Macquarie University is undergoing a human resources system transformation with the help of Accenture, moving to a new Workday platform and offering more self-service capabilities.
People and services VP Nicole Gower told Workday’s Elevate summit last month the university’s “HR system” until now was made up of “patchwork” of smaller systems, though much of the complexity was shielded from users.
“When people talk about ‘the HR system’, they don't realise that they're actually talking about multiple systems,” Gower said.
“We don't actually have one HR system. We have a payroll system, we have a talent and recruitment management system, we had multiple timekeeping systems, we've had learning management systems - and that patchwork approach created some real challenges for us.

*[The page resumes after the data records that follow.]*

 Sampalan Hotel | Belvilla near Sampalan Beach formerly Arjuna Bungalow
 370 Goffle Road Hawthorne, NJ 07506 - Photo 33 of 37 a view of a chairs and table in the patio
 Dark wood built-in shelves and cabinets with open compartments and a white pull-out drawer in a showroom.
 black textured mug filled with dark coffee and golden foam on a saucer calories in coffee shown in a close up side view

“There were lots of manual workarounds, quite a lot of duplication, a lot of double entry, and that was causing some real challenges for the HR team, but also for the university.
“We didn't see the level of integration or cohesion that we would have liked.”

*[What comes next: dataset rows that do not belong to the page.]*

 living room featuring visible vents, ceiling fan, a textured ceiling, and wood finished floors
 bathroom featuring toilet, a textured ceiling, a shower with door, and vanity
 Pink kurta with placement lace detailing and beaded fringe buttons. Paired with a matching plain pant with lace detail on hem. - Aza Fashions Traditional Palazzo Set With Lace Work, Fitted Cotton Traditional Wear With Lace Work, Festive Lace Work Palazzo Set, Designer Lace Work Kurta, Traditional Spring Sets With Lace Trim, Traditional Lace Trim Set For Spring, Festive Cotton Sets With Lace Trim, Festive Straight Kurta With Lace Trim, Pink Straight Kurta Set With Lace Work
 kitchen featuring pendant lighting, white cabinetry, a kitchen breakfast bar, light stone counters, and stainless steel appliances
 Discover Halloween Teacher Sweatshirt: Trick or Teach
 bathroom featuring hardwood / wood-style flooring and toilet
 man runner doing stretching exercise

Alongside better integration, Gower said the existing environment had capability gaps, particularly in areas such as talent management and workforce planning, that the university hoped to now address.
“We've always wanted to be able to do [these] really well but haven't always had the actual tools or support mechanisms to be able to,” she said.
Gower said that despite the backend challenges, the university’s HR service delivery model - that is, what users saw - “is actually quite mature and is very well respected across the university.”
“We've got great HR advice, we've got great HR strategic services, and we've got high levels of credibility across the university, so we're starting from a really good platform,” she said.
“Although we have really good service delivery, what people don't see is all the work that goes on behind the scenes.
“There's a lot of manual work and a lot of workarounds to make things actually work well and to deliver a good service to our employees.
“What we're trying to do is make that a lot smoother, use technology to be able to automate some of that, and provide more of that in a self-service format.”
The desire to transform led Macquarie University to consolidate HR onto Workday, with Accenture brought in to assist.
Chief information officer Tim Hume saw full transformation of the IT platform as necessary.
“Transformation isn't just incremental change. It's not about doing a version upgrade,” he said.
“We could have done that. We could have done a number of changes to existing platforms.
“Transformation means making a change which will probably apply a bit of tension to the business, but [that will] move us towards a space that might have taken years otherwise, and going with Workday will help us get there.”
Gower said that implementing Workday came with a commitment to continuously improve the technology underpinning HR.
Having all of HR run out of one system will also lead to a consolidation of the university’s ‘people data’, which can then be used in more “data-informed decision-making”.
“The heart of our business is people. If we understand that, if we get the data we need, we can succeed against our competition,” Hume said.
“That's what Macquarie is known for. We're small enough to be agile and this is designed to make us agile.”